O pesquisador e escritor especializado em cangaço, Robério Santos se juntou aos pesquisadores Sandro Lee e Luiz Ruben na cerimônia realizada em Jeremoabo para celebrar o novo marco histórico. “Minha ligação com Jeremoabo é muito forte, seja pela história das volantes e também das entregas dos cangaceiros em 1938. Nunca fui de me aprofundar na história de Maria Bonita, porém há alguns anos o pesquisador Voldi de Moura Ribeiro nos trouxe o livro Lampião e o Nascimento de Maria Bonita, contestando a data de 8 de março como a de nascimento da Rainha do Cangaço. Então, recentemente, fomos até Jeremoabo tirar isso a limpo, ver de perto este documento. Para nossa surpresa, ele é real. O batistério original de Maria Bonita confirma seu nascimento em 17 de janeiro de 1910”, valida Robério.

A transcrição oficial do acontecido é curiosa, pois mostra como era a ortografia da época. O documento diz, com letras para caligrafia nenhuma botar defeito: “Livro 3, folha 30V. Aos sete dias do mez de setembro de mil nove centos e dez, baptisei solemnemente a Maria nascida a dissete de janeiro de mil nove centos e dez, filha natural de Maria Joaquina da Conceição. Foram padrinhos Agripino Gomes Baptista e Maria Joaquina da Conceição. E para constar fiz este assento que me assigno. Vigário Euthymnio José de Carvalho. Acervo: Diocese de Paulo Afonso, paróquia São João Batista de Jeremoabo-BA”. 

Maria Bonita e sua data de nascimento correta

História de Maria Bonita recontada por Reprodução

Para Robério Santos, a descoberta é definitiva. Segundo ele, o documento encerra uma controvérsia que se arrastava há anos entre pesquisadores do cangaço. “Então, acredito de verdade que esta seja a verdadeira data de nascimento dela, e que os livros façam as devidas revisões”, completa o historiador. 

O achado já está repercutindo entre estudiosos e promete impactar museus, memorialistas e pesquisadores dedicados ao tema. Em vários estados do Nordeste existem roteiros históricos, centros culturais e mostras dedicadas ao cangaço que utilizam o 8 de março como referência oficial a Maria. Mas, a data vai ter que mudar em algum momento. 

Em festas populares e eventos temáticos realizados em honra do imaginário sertanejo é comum ver a o Dia Internacional da Mulher celebrado também como aniversário de Maria Bonita. Isso também terá que mudar.

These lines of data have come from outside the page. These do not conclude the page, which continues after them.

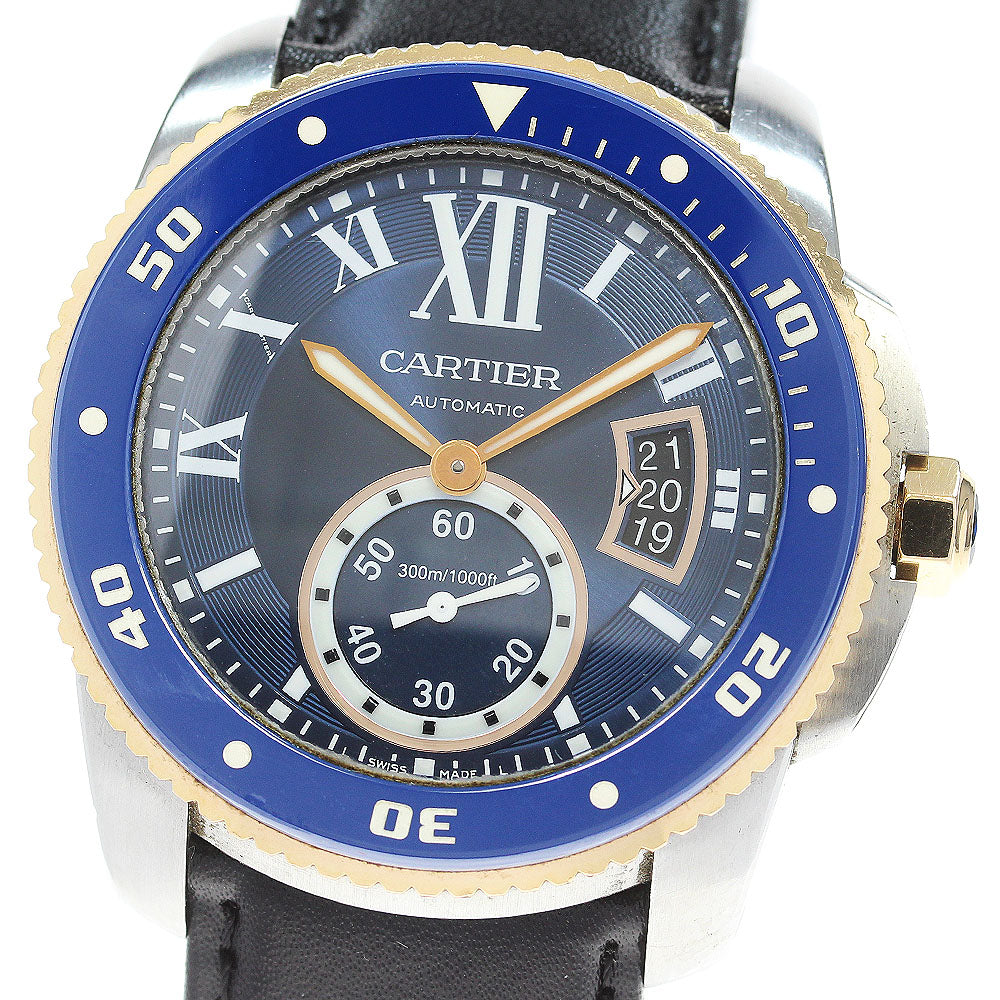 CARTIER Calibur-de-Cartier diver W2CA0008 Date blue Dial Automatic Men's_860506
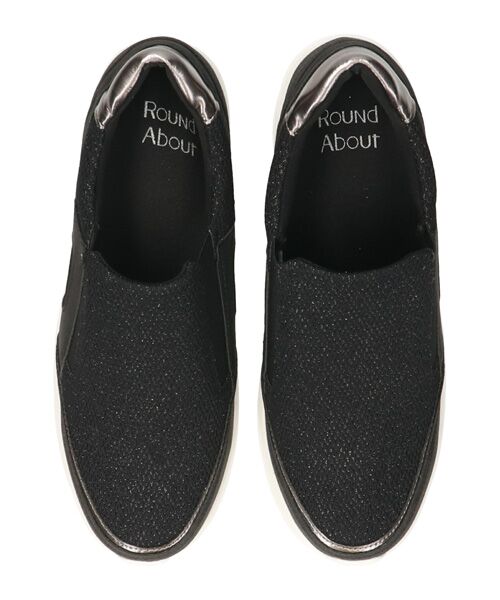 Bridget Birkin / ブリジットバーキン スニーカー | 【ROUND ABOUT】ヒールアップスリッポンスニーカー | 詳細5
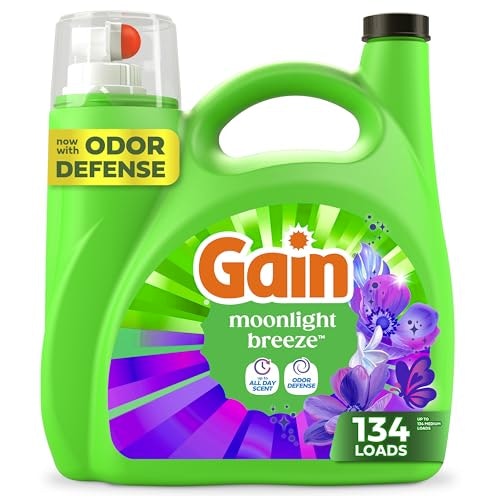 Gain Moonlight Breeze Liquid Laundry Detergent 177 fl oz: $18.19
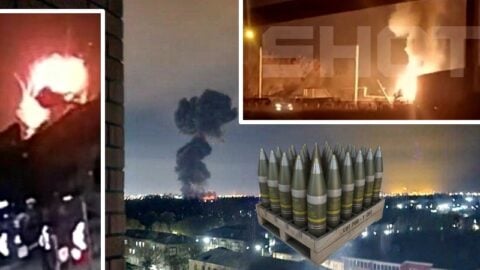 Detonacja w środku nocy! Wielki zakład amunicji wyleciał w powietrze (WIDEO)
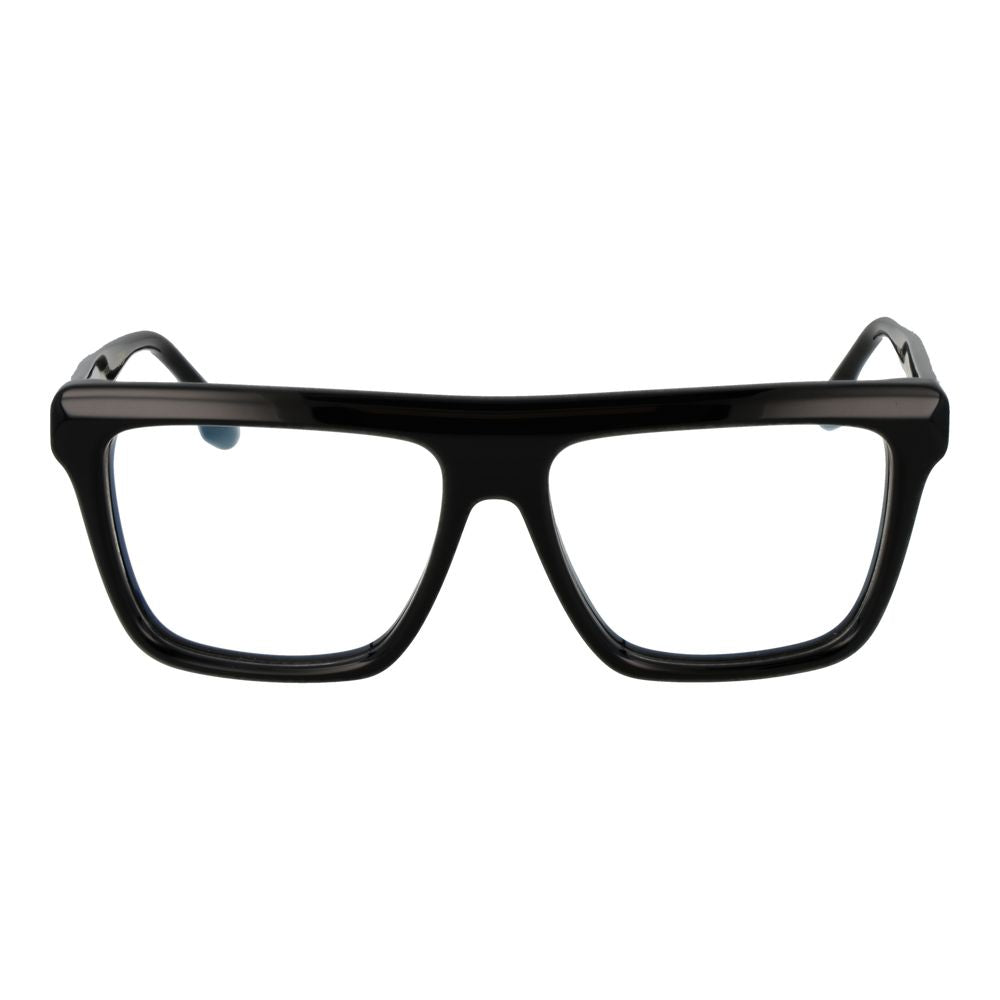 Victoria Beckham black acetate glasses frames with rounded design, showcasing a stylish and modern eyewear look.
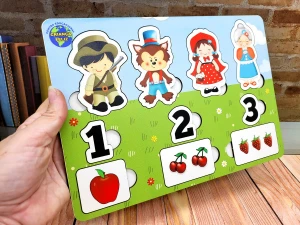Jogo de Encaixe Chapeuzinho Vermelho Personalizado - Artesanato e Personalizados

O novo documento pode alterar, inclusive, cronologias de livros clássicos que tratam da trajetória do casal mais famoso do sertão.

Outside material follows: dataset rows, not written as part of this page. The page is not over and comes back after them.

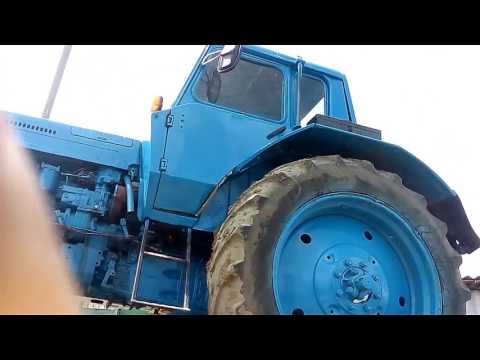 Видео: Запуск трактора МТЗ 80 с пускача через электростартер.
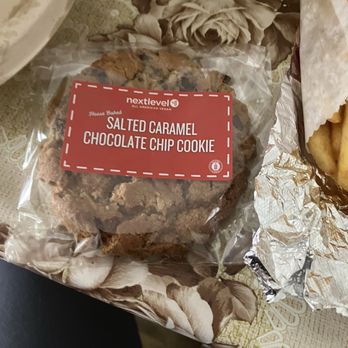 Veggie Grill by Next Level - Salted Caramel & Chocolate Cookie (GF) - Vegan Near Me - Burbank, California Veggie Grill by Next Level - Salted Caramel & Chocolate Cookie (GF) - Vegan Near Me - Burbank, California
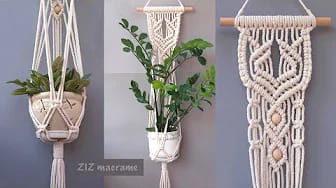 Post 10 by ZIZ macrame on YouTube (video)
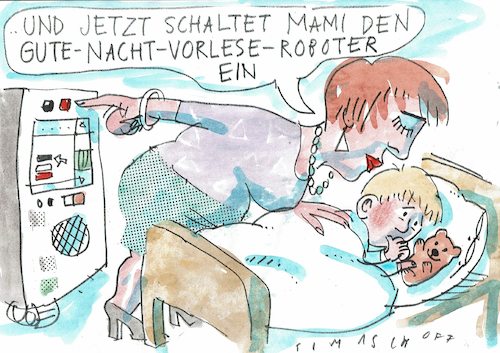 Cartoon: Vorlesen (medium) by Jan Tomaschoff tagged erzirehung,kind,zuwendung,erzirehung,kind,zuwendung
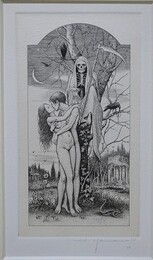 山本六三　銅版画　「エロス・タナトス」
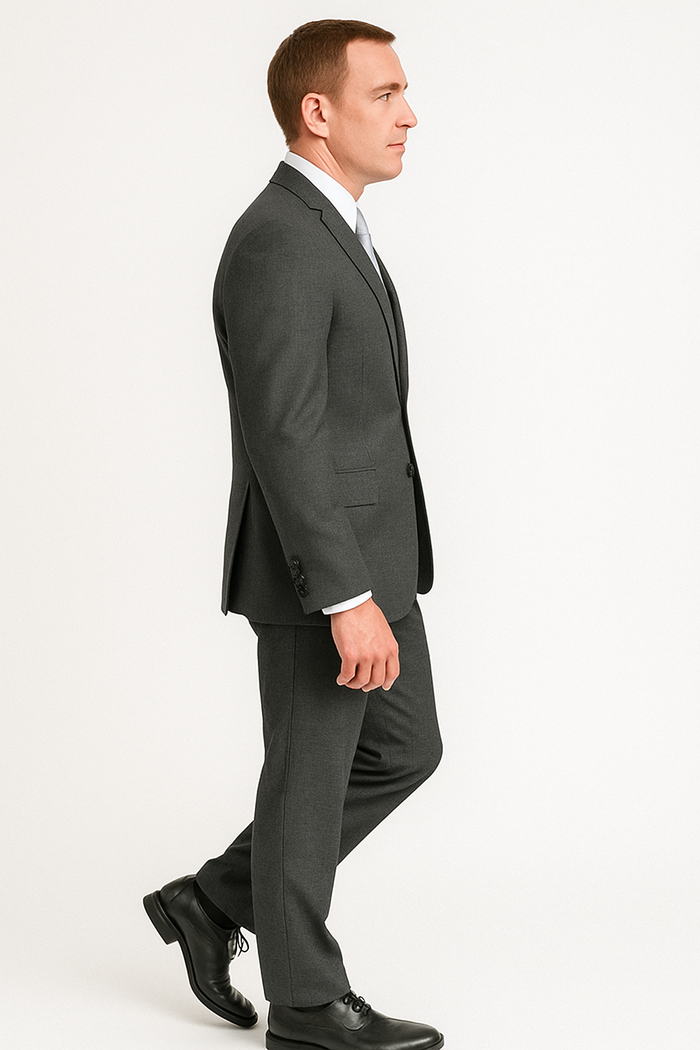 Madison Steel Grey Suit Jacket (Separates) by BLACKTIE
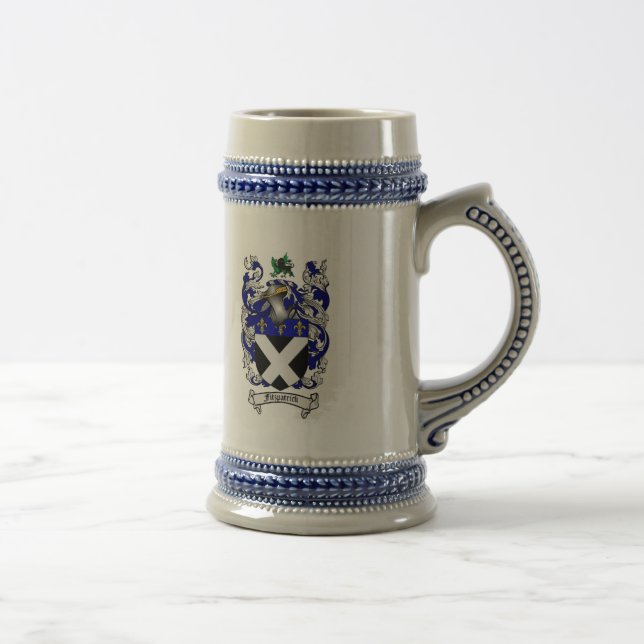 FITZPATRICK FAMILY CREST -  FITZPATRICK CREST BEER STEIN (Right)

Nascida no povoado de Malhada da Caiçara, na Bahia, Maria Déa, que, mais tarde ficaria conhecida como Maria Bonita, cresceu em meio às adversidades do sertão e em contexto social marcado pela violência política dos coronéis, disputas por terra, secas sucessivas e conflitos envolvendo grupos armados.

Teve infância humilde e vida comum até se aproximar de Lampião, que se tornaria o líder mais temido e ao mesmo tempo mais admirado do cangaço. Sua entrada no bando, por volta de 1930, representou uma ruptura histórica: até então, mulheres não participavam diretamente do movimento. A presença feminina alterou rotinas, códigos internos e a própria forma de atuação e deslocamento do grupo. O assunto é tão importante que foi tema do livro Bandidos, de Eric Hobsbawm, historiador britânico.

Mas outro detalhe que a história ainda não corrigiu. Maria Bonita entrou no cangaço no mesmo dia e hora que a cunhada dela, irmã de seu ex-marido Zé de Neném. Foi a cangaceira Mariquinha. Então, outra lenda cai por terra de que Maria foi a primeira. Foi a mais importante, mas não foi exatamente a primeira. 

A imagem de Maria Bonita atravessa quase um século como símbolo de luta, resistência e coragem. Para muitos, ela representa também uma mulher que rompeu padrões conservadores de seu tempo, abandonando uma vida estável para viver no meio da caatinga, enfrentando volantes policiais, emboscadas, fome e perseguições. Ela vivia um casamento infeliz com um homem mais velho e resolveu cair no mundo. 

O casal Lampião e Maria Bonita foi morto em 28 de julho de 1938, na Grota do Angico, em Sergipe, durante uma emboscada organizada pelas forças policiais alagoanas. Após a morte, as cabeças do casal foram expostas por vários anos no IML Nina Rodrigues, em Salvador.